Listed Building – Grade II
- Official name: Town Hall
- Designated: 2 December 1983
- Reference no.: 1133856

= Brighouse Town Hall =

Municipal building in Brighouse, West Yorkshire, England

Brighouse Town Hall is a former municipal building in Thornton Square, Brighouse, West Yorkshire, England. The town hall, which was the headquarters of Brighouse Borough Council, is a Grade II listed building.

==History==
The first town hall in Brighouse was a building on the corner of Bradford Road and Bethel Street which had been designed by Mallinson and Barber as a public hall and opened by Sir George John Armytage, 6th Baronet on 14 October 1868. (Note: This building survives and is now known as "Brighouse Civic Hall".) After the responsibilities of the township expanded, civic leaders decided to procure municipal offices: the site they selected was an old malt kiln on the north side of Briggate.

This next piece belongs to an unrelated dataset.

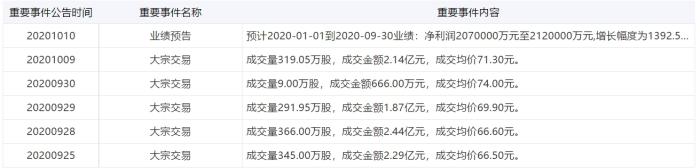 ��ԭ�ɷݽ��ڲ��ִ��ڽ��ס� ����Ifind����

The new building, which was designed by John Lord in the neoclassical style, was officially opened on 16 March 1887. The design involved a symmetrical main frontage with five bays facing onto Briggate; the central bay featured a doorway flanked by pilasters supporting a lintel with an entablature above inscribed with the words "Public Offices". There were sash windows in the other bays on the ground floor and in all the bays on the first floor. Internally, the principal room was the council chamber on the first floor which contained a chairman's chair with a finely carved reredos behind.

The building became the headquarters of Brighouse Municipal Borough in 1894 and it hosted the future Prime Minister, Winston Churchill, when he gave a speech to Liberal Party supporters on 6 December 1904. The town hall was further enhanced when the mayor, Alderman Robert Thornton, presented a large Cambridge-chiming clock (informally known as "Owd Bob"), manufactured by Potts & Sons, which was installed in the centre of a new open pediment and balustrade at a ceremony on 9 November 1914. The area in front of the town hall, which had been occupied by Holroyd Buildings, was later renamed Thornton Square in his honour. The young men of Brighouse were called up at the town hall during the First World War.

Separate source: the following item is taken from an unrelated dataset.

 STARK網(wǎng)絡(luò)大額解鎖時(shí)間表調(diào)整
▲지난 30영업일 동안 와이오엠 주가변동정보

The building ceased to be the local seat of government when the enlarged Calderdale Metropolitan Borough Council was formed in 1974. The chime of bells, which Thornton had presented to the town at the same time as the clock, was removed from the town hall and placed in storage at that time. The mayor's mace was also removed and transferred to Halifax Town Hall where it was placed in the mayor's parlour.

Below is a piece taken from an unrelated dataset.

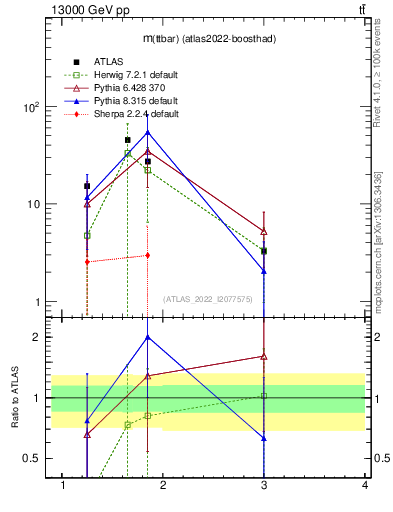 Plot of ttbar.m in 13000 GeV pp collisions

After renting the building out to small businesses for many years, in December 2010, civic leaders decided that the town hall was surplus to requirements and the furniture in the council chamber, including the council chairman's chair and the carved reredos, were removed from the building and installed in the civic hall so that the town hall could be sold. The building was sold to a private buyer in March 2011 and, after a programme of conversion works, it re-opened as the Town Hall Dental practice in 2012.